Mon 14 June 2021, by Seppe "Macuyiko" vanden Broucke

A friend of mine recently asked whether there was an easy way to introduce new levels (i.e. items) to an embedding layer in Keras and only training the embedding layer for those new levels, i.e. keeping the weights for the existing indices fixed.

Note that this is not necessarily a good idea: the presence of new levels typically indicates that your model is due for a full maintenance retraining. The context in which we were discussing this originally was in a singular value decomposition setup of users and items (as it common in a recommender system setting, for instance). The question was whether we could keep the item embedding space for existing items fixed when introducing new items. Note that here too, this is suboptimal (assuming new items are being rated by existing users ¹), especially so when we also want to user embeddings to stay fixed.

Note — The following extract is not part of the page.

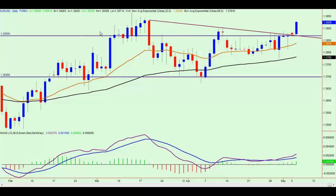Looking at the EURUSD on the daily chart, we can see that price is starting to push down but held up around the 1.3800 level. Today we've had a very strong rally upwards in the euro. If we go into a lower time frame we can have a closer look, and then I'm going to switch over to the news and you'll see exactly why.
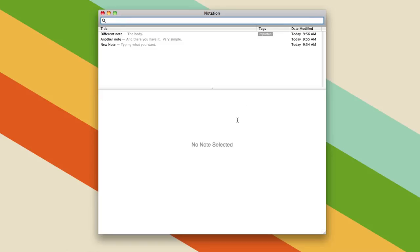So that's basically how Notational Velocity works, there's not really a whole lot you need to know, but it's really great, it's really simple, and that's why it's our choice for the best note-taking syncing app.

Let us approach the problem using an easier setting. We will assume we have a data set X with every instance Xi = c with c ∈ 0..C with C our initial number of levels. We will train a model using an embedding layer to M(X) → y ∈ [0, 1] i.e. a binary classification model. We will then introduce a data set X’ with every instance X’i = c’ with c’ ∈ C+1..C’ and see how we can retrain our embedding layer.

First of all we need some imports:

from tensorflow import keras
from tensorflow.keras import backend as K
from tensorflow.keras.models import Model
from tensorflow.keras.layers import Input, Embedding, Flatten, Dense, Lambda, Reshape, Multiply, Add
from tensorflow.keras.regularizers import l2

import numpy as np
from pylab import cm

We will also construct a toy data set to work on. How this is created is not that important, but we split it up into an X and X’ as defined above (as well as the two combined):

# cat_idx_rs and y are provided

X_init, y_init = cat_idx_rs[cat_idx_rs<80],  y[cat_idx_rs<80]
X_new,  y_new  = cat_idx_rs[cat_idx_rs>=80], y[cat_idx_rs>=80]

X_together = np.hstack([X_init, X_new])
y_together = np.hstack([y_init, y_new])

num_categories_init = len(np.unique(X_init))     # 80
num_categories_all  = len(np.unique(X_together)) # 100

Note that X_init contains the levels indexed 0 up to 80 ², X_new contains levels indexed 80 up to 100.

Initial Model

So here is what an initial model would look like, trained on X_init and y_init:

def EmbeddingModel(num_categories, vector_dim=2, reg=False):
  if reg is False: reg = l2(0.000001)

  input_cat = Input((1,), name='input_cat')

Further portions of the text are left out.